Le monastère d’Amirdôl comprenait :
• L’église Saint-Jean, subsidiairement dédiée à la sainte Mère de Dieu et à saint Étienne, église triabsidiale vraisemblablement en croix inscrite, à tambour octogonal et coiffe pyramidale reposant sur deux rangées de trois piliers, élevée au début du XVIIe siècle à l’emplacement d’une église homonyme déjà attestée en 1450. Elle avait été entièrement restaurée en 1692-1694 et son tambour rénové en 1850. Elle abritait entre autres les tombes des grands abbés Basile († 1615) et Vartan († 1704), disposées devant le chœur, et à l’angle nord-ouest, celle de l’abbé Zacharie (Zak‘aria, † 1797).
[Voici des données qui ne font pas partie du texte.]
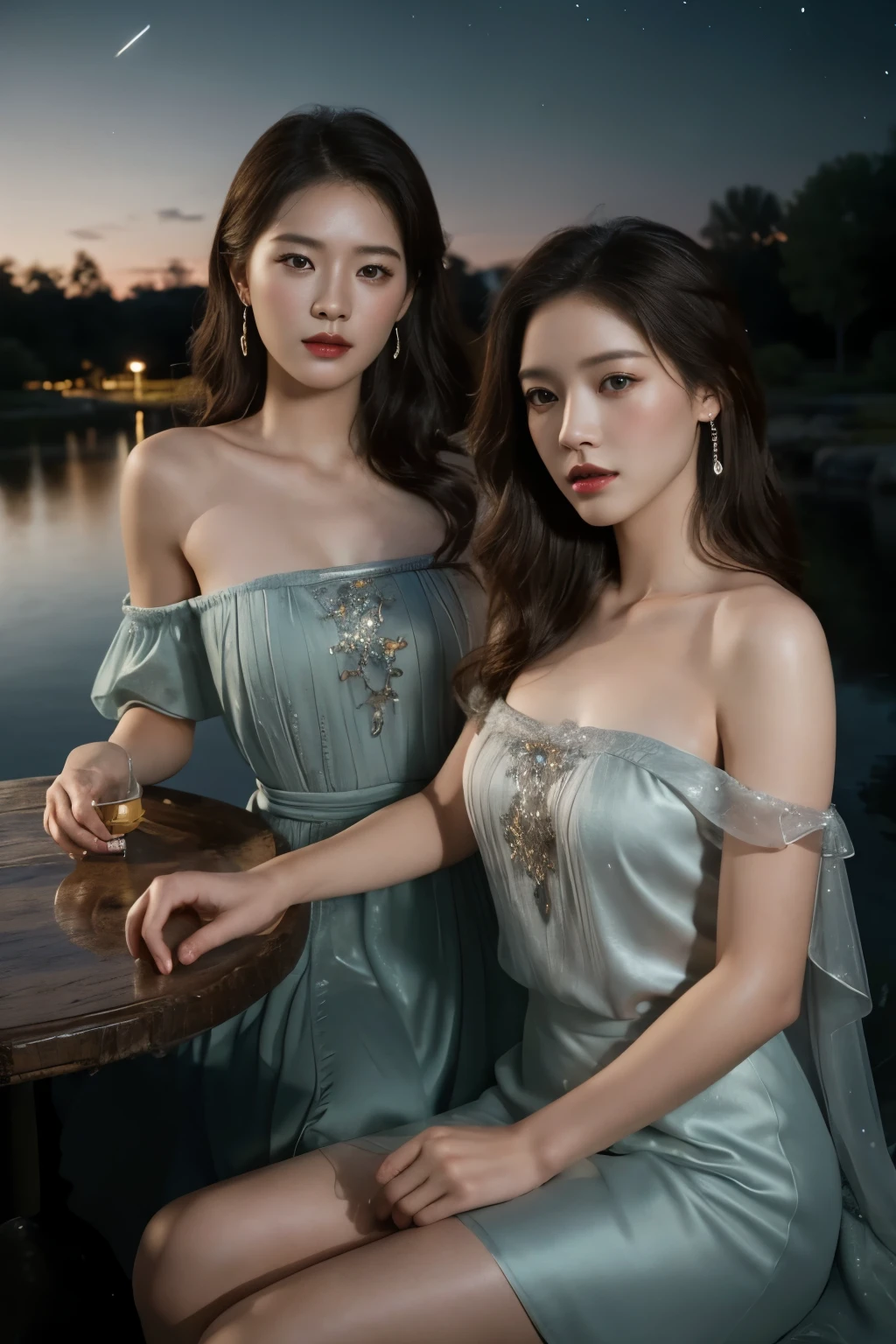 ((Ultra long exposure photography)) high qulity, The is very detailed, Realistic close-up portrait of two beautiful Chinese women, complex and detailed eyes,,Open the shoulders,skirt lift,Two mysterious women sitting by the pond, Capture the romantic atmosphere under the stars.POV, by lee jeffries, nikon d850, film stock photograph ,4 kodak portra 400 ,camera f1.6 lens ,rich colors ,hyper realistic ,lifelike texture, dramatic lighting , cinestill 800,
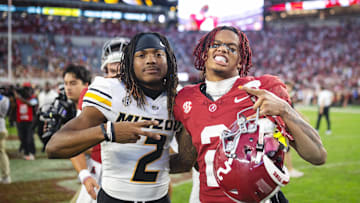 Oct 26, 2024; Tuscaloosa, Alabama, USA;  Missouri Tigers wide receiver Marquis Johnson (2) poses for a photo with Alabama Crimson Tide wide receiver Ryan Williams (2) after a game at Bryant-Denny Stadium. Mandatory Credit: Will McLelland-Imagn Images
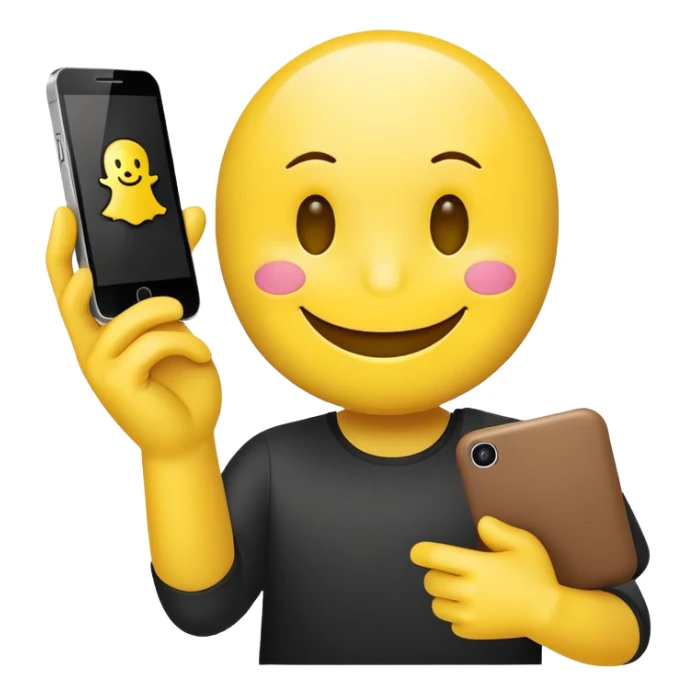 smiley face emoji holding a smartphone with Snapchat interface, sending snaps to friends sticker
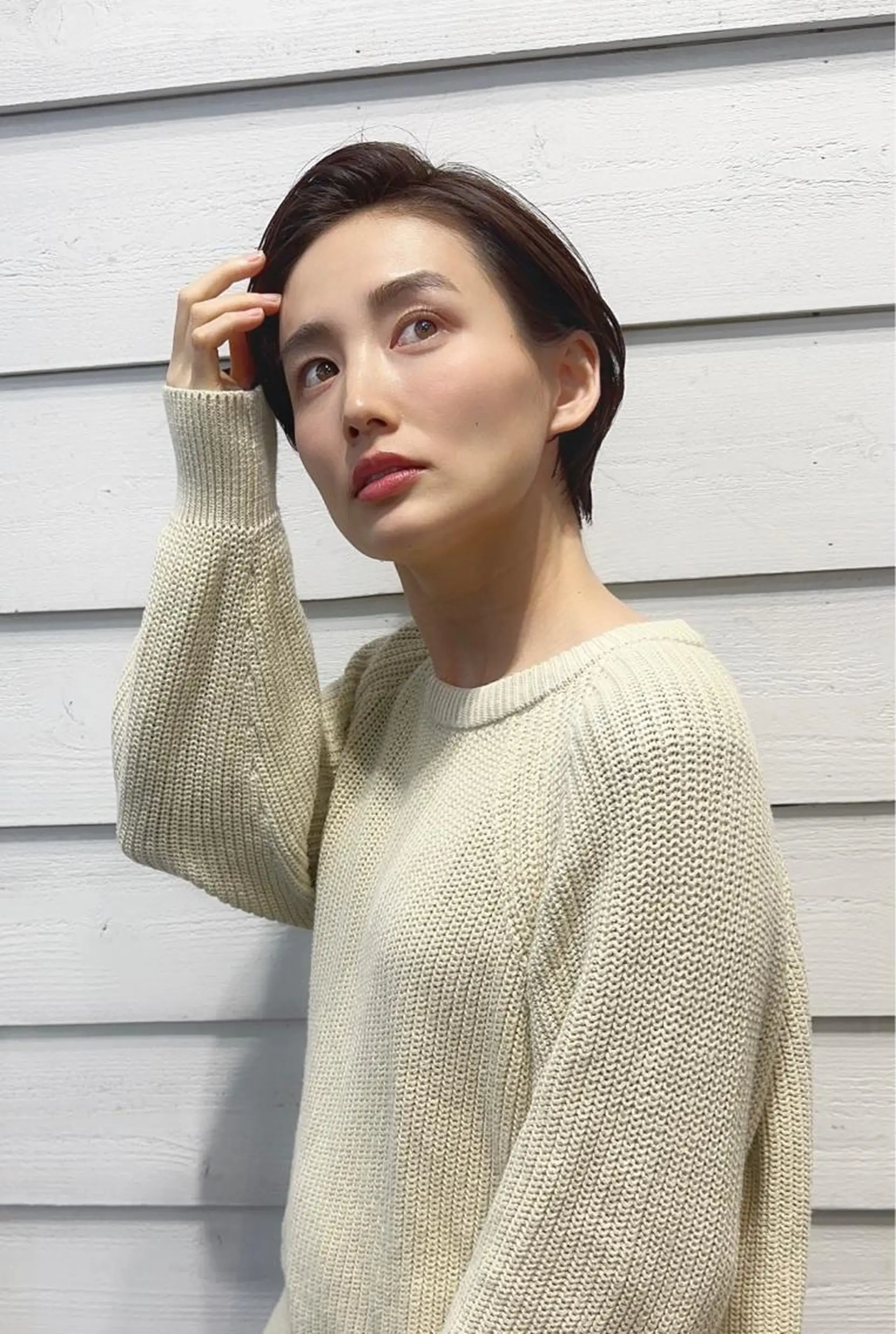 ショート ショートボブ ハンサムショート ボブ くせ毛 ショートヘア カット newline銀座所属・銀座ショート/ 大人ショート/金子涼のヘアスタイル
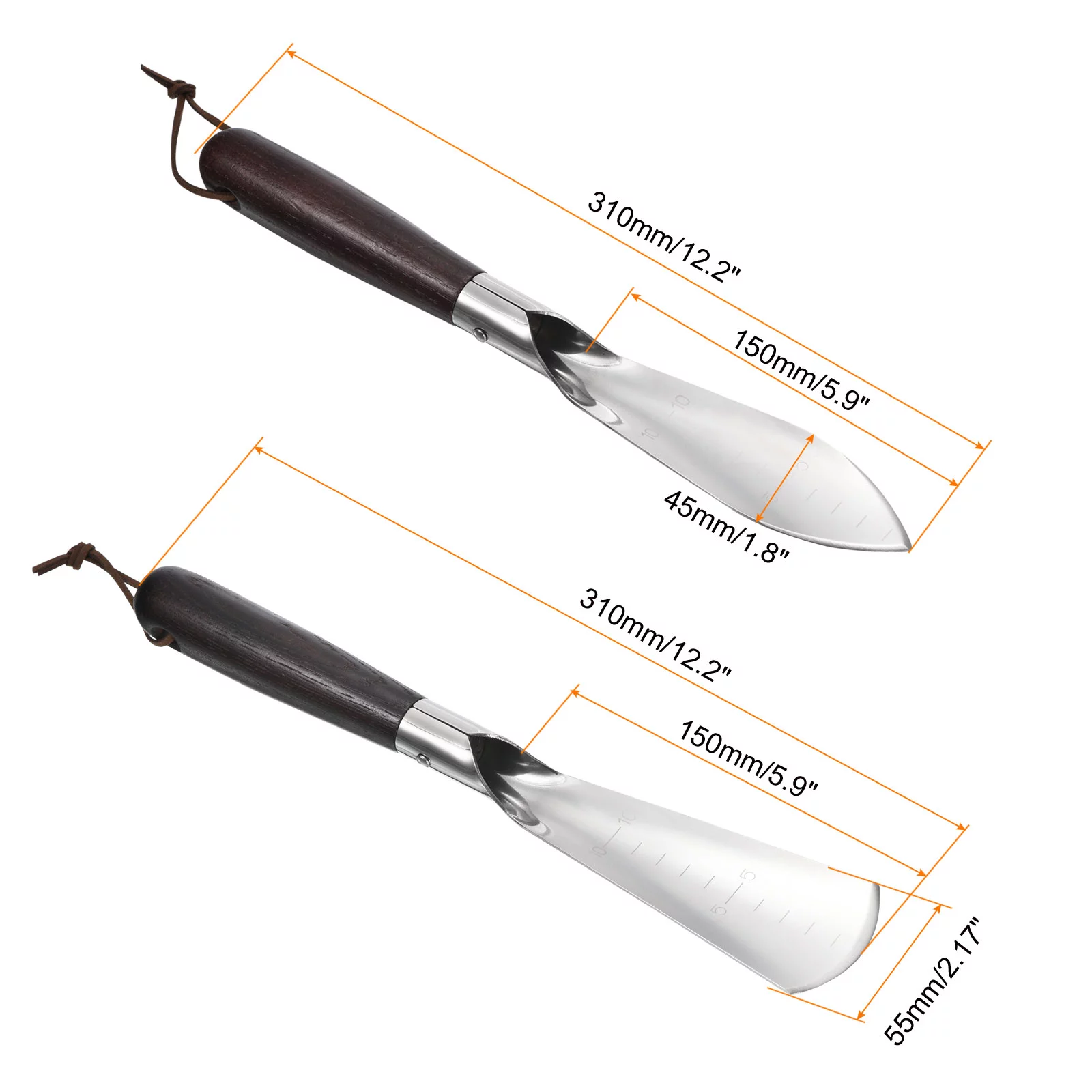 Uxcell Garden Trowel Gardening Transplanter Hand Shovel Garden Tools with Depth Marker Scale Silver Tone Brown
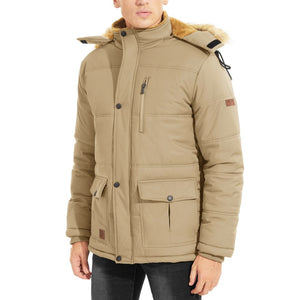 TACVASEN Black Men's Winter Jacket with Hood Water Repellent Windproof Coat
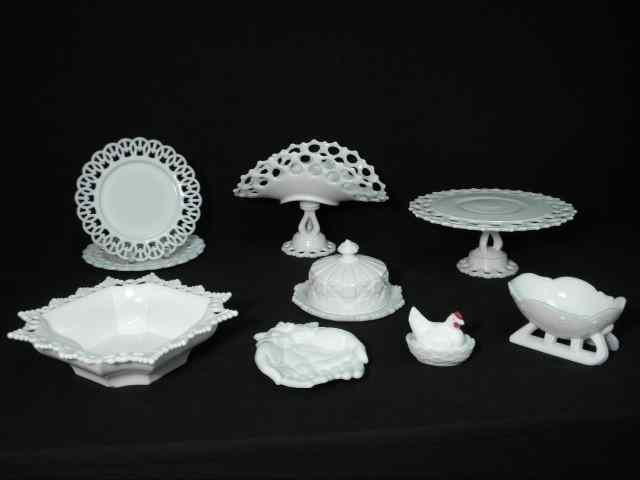 Appraisal: Lot of assorted milk glass Includes total pieces two reticulated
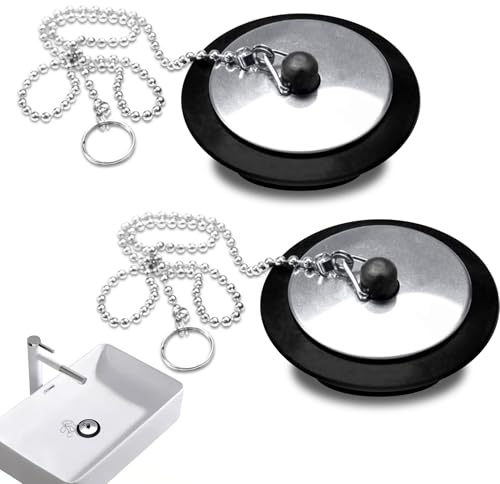 2 Pcs Kitchen Sink Plug Replacement, Bathroom Sink Plug Replacement Universal Bath Plug with Stainless Steel Chain, 4.3cm Black Rubber Drain Stopper for Kitchen Bathroom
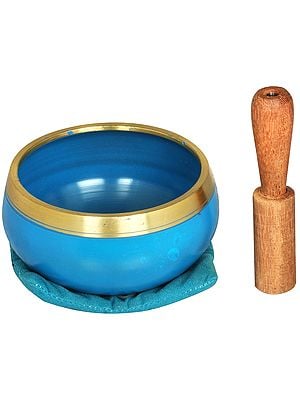 3" Throat Chakra Singing Bowl -  Tibetan Buddhist In Brass | Handmade | Made In India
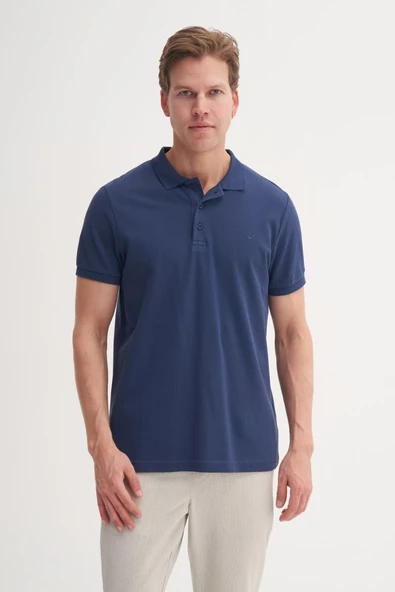 Cazador 46130 Polo Pıke Tshırt Erkek Polo Yaka İndigo Tişört ürün görseli 1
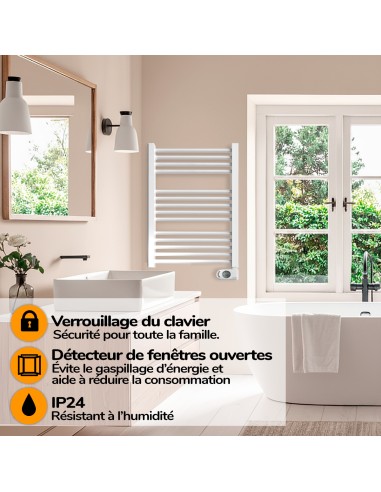 Sèche-serviettes électrique à inertie sèche HJM, 500 W, Noor, Blanc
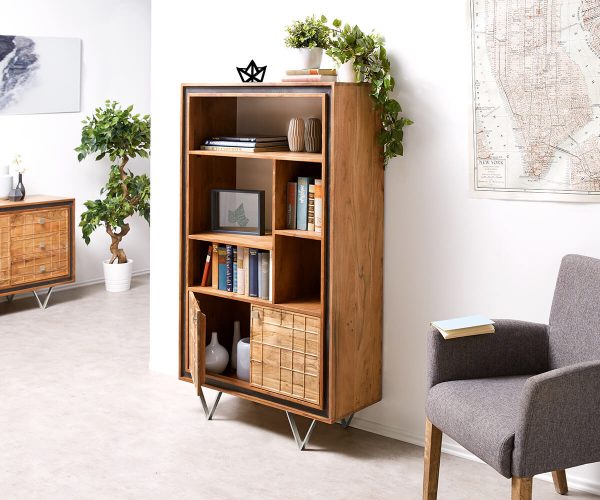 Vysoká skříň Stonegrace 88 cm akácie natural 3D, 2 dveře - Image 4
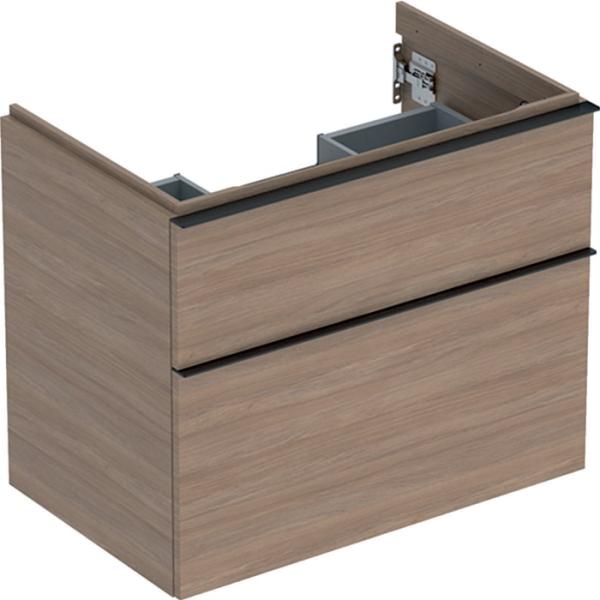 Geberit iCon Unterschrank für WT, 2 Schu 74x61,5x47,6cm, Eiche/Gr. Lava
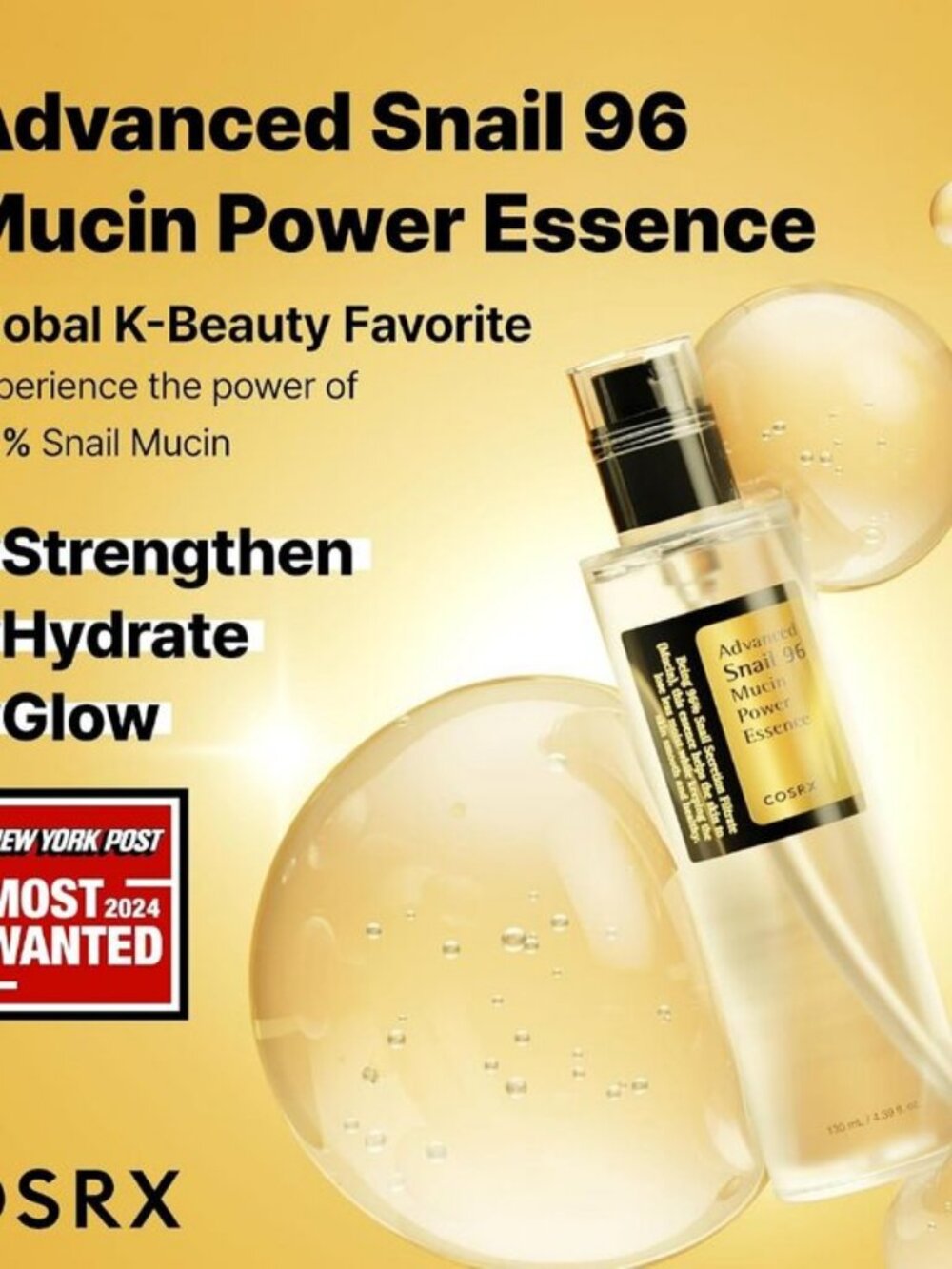 COSRX Snail Mucin 96% Repairing Serum for Sooothing & Hydrating 3.38 oz. - Picture 3 of 8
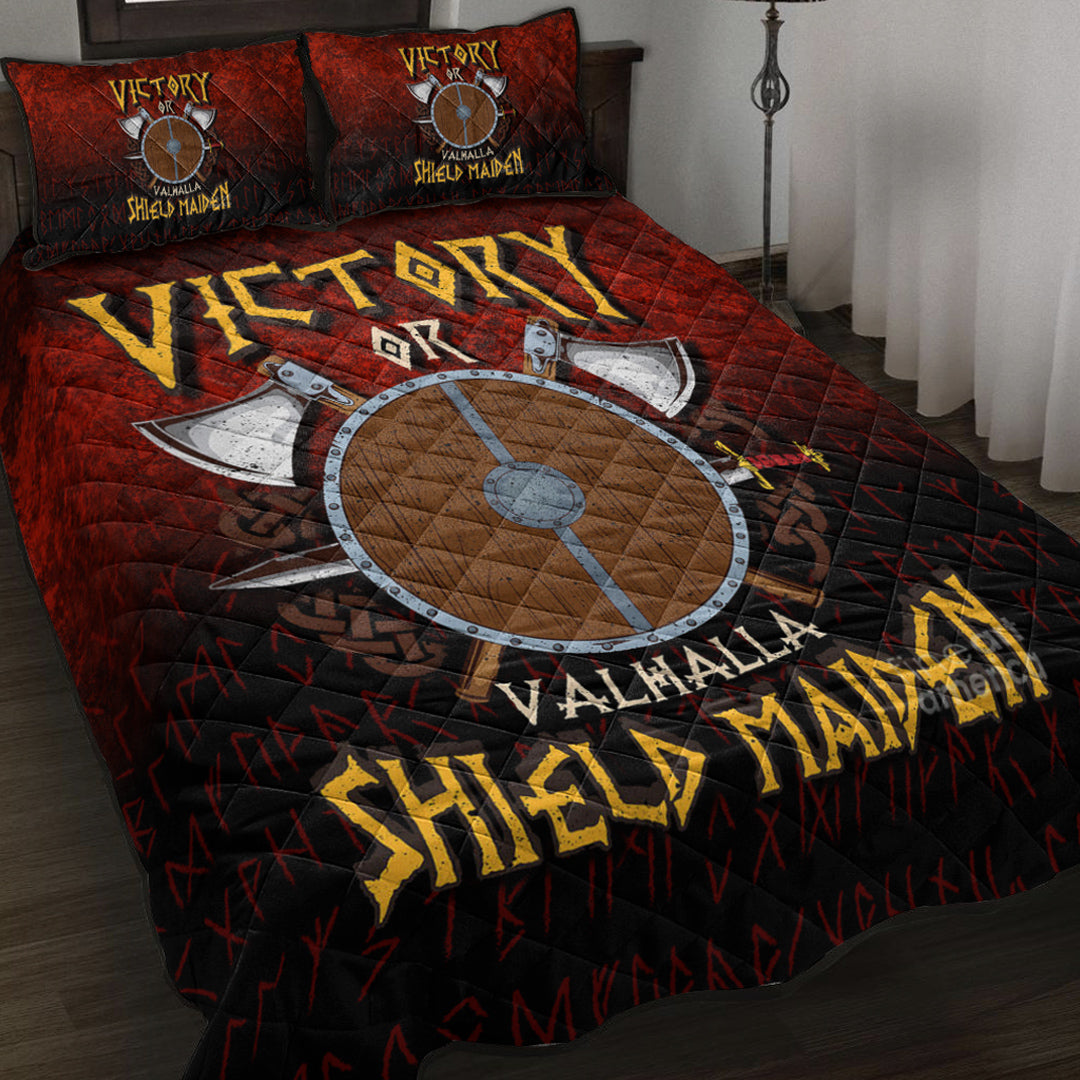 Viking Quilt Bed Set - Victory or Valhalla Shield Maiden Quilt Bed Set RLT12 - Wonder Print Shop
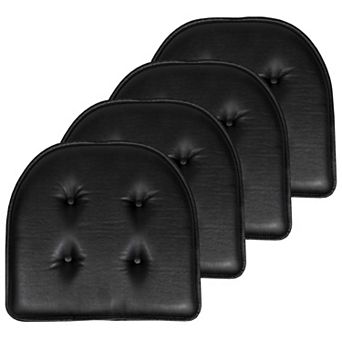 Sweet Home 4-Pack U-Shape Faux Leather Memory Foam Chair No-Slip Cushions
• Au nord de l’église Saint-Jean et des communs, l’église Sainte-Sion, à tambour et dôme, attestée en 1450, confisquée dans les années 1860-1870 et dès lors transformée en mosquée.
• Une enceinte à laquelle étaient adossés des communs, reconstruits au début du XVIIe siècle.
• Un cimetière, situé au-delà des murs au nord-ouest.
• Une glacière.
• Un moulin, établi au sud-ouest du monastère, sur une dérivation de la rivière de Khosrov conduisant en amont jusqu’au monastère de Komk‘.
Le monastère possédait des terres et des propriétés en ville.
Confisqué après la Grande Guerre, le monastère d’Amirdôl a été entièrement détruit.
Épriguian, 1903-1905, i, 377-380. Guléssérian, 1904, 1-89, 144-146. Oskian, 1940-1947, III [1947], 896-914, 919-937. Akinian, 1952, passim. Devgants, 1985, 100-102. Thomson, 2001, 105-117.